Lundi, alors qu’il participait à un congrès à Boston, le docteur Yves Benhamou a eu une mauvaise surprise : des agents du FBI l’ont arrêté et lui ont annoncé qu’il était suspecté d’avoir participé à un délit d’initié. Ce spécialiste de l’hépatologie (les maladies du foie), en poste à l’hôpital de la Pitié-Salpêtrière à Paris, va être présenté à un tribunal new-yorkais.

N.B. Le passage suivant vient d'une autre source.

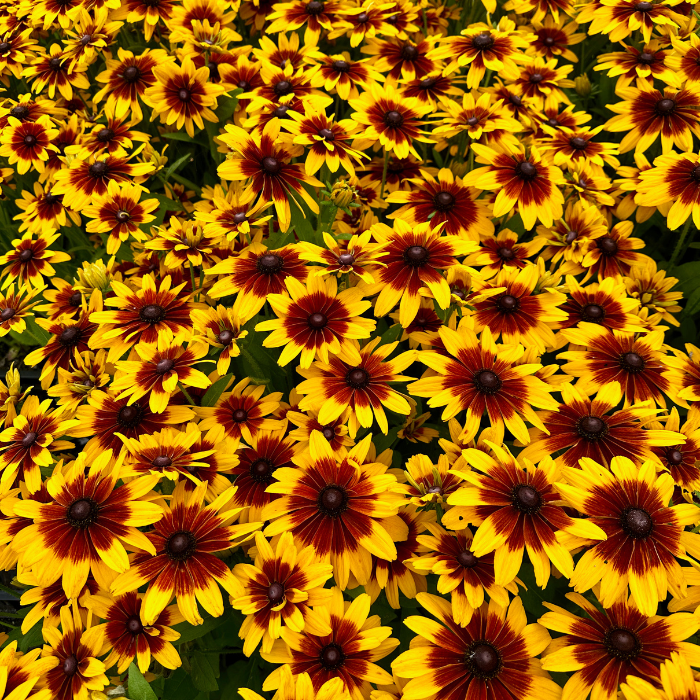 RUDBECKIA MiniBeckia Flame ® fleurs - Pépinière La Forêt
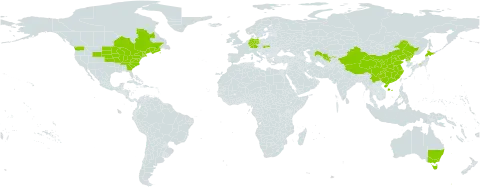 Berberis thunbergii world distribution map, present in Australia, Canada, China, Germany, Japan, Korea (Democratic People's Republic of), Slovakia, United States of America, and Uzbekistan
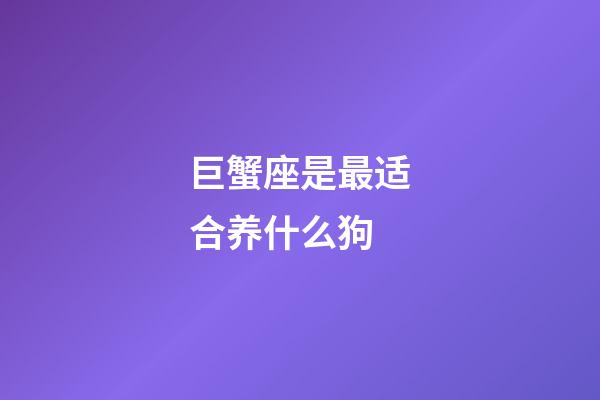 巨蟹座是最适合养什么狗-第1张-星座运势-玄机派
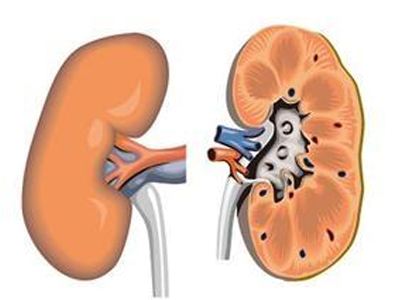 医用微量元素检测仪品牌之元素防治肾病?山东国康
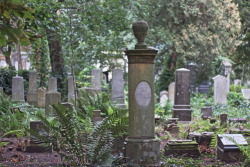 yoda-ii:   The old jewish cemetery (established in 1854) in Wrocław,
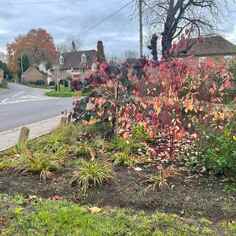 Autumn colours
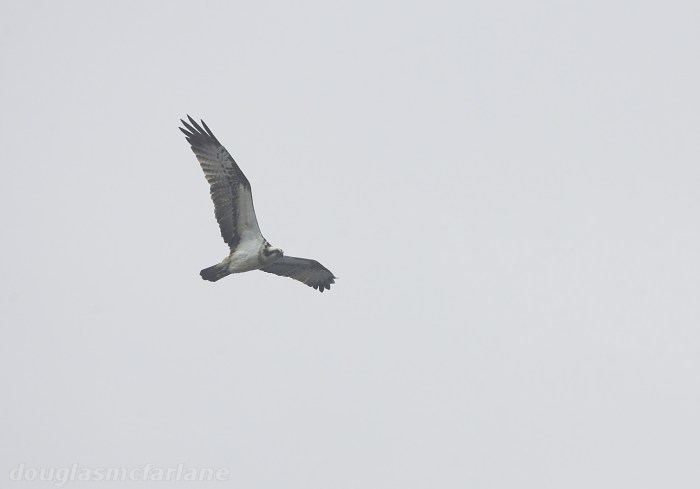 Osprey, Welford Res, 5th April 2015 (Douglas McFarlane)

A l’origine de l’affaire : l’albuferon, un médicament contre l’hépatite C testé par le laboratoire HGSI (Human Genome Sciences Inc.). Yves Benhamou appartenait au comité d’évaluation de l’albuferon, et connaissait donc les résultats des tests confidentiels menés par HGSI.[voir le document Fichier PDF] HGSI est coté au Nasdaq : les résultats des tests ont un impact direct sur son cours de Bourse. Fin 2007, justement, ces résultats ne sont pas brillants. La mise sur le marché de l’Albuferon est compromise. HGSI l’annonce officiellement fin janvier 2008, et le cours de son action s’effondre immédiatement de 44%.

30 millions de dollars

« La SEC, l’autorité des marchés financiers, est intriguée : dans les semaines ayant précédé l’annonce, six hedge funds spécialisés dans la santé ont revendu toutes leurs actions HGSI. S’ils les avaient conservées, ils auraient perdu 30 millions de dollars. L’enquête de la SEC révèlera que ces fonds ont ensuite racheté des actions HGSI, à moitié prix.  Yves Benhamou était justement consultant pour la société gérant ces six hedge funds. La SEC n’en révèle pas le nom, mais selon l’agence Bloomberg, il s’agit de FrontPoint Partners, une filiale de la banque d’affaires Morgan Stanley.

«  Les enquêteurs de la SEC en sont persuadés : le médecin français disposait d’informations confidentielles grâce à son premier client, le laboratoire HGSI, et les a transmises à son second client, FrontPoint Partners. Il s’intéressait d’ailleurs de près à l’évolution du titre HGSI. Dans un des e-mails récoltés par la SEC, Yves Benhamou demande ainsi conseil au financier : « Je pense investir dans l’action et je voudrais avoir votre avis. Pensez-vous que l’action Human Genome va augmenter ? A quel prix ? Quand ? »

Le « délit d’initié » est-il ou non un « conflit d’intérêt » ? Toujours est-il que la direction générale de l’AP-HP ne semble pas, alors, s’être manifestée. Le Dr Benhamou avait repris ses activités, publiques et privées, à La Pitié. Contacté par e-mail à plusieurs reprises par Le Monde le praticien n’a pas souhaité présenter sa version des faits concernant ses patients désargentés.

«La médecine, c’est ingrat. Quand on se fait honorer par les riches, on a l’air d’un larbin; par les pauvres, on a tout du voleur.»  (Voyage au bout de la nuit)

A demain

4 réflexions sur “Coup de tonnerre à l’AP-HP : un médecin accusé d’avoir volé de l’argent à des patients migrants

  1.  » Ce n’est pas le pus, le sang ou la merde qui salissent le Médecin : c’est l’argent et la politique  »
    Professeur Jean Patel / Cahiers Laissés /1967

  2. ( Désolé pour…ma memoire…mais le chirurgien écrivain était Charles Clavel…et j’ai confondu son prénom avec Jean Patel…un autre de nos Maîtres ,
    Son livre doit encore circuler, sur Internet, même si cadeau de sa femme à ses amis : très intéressant !!)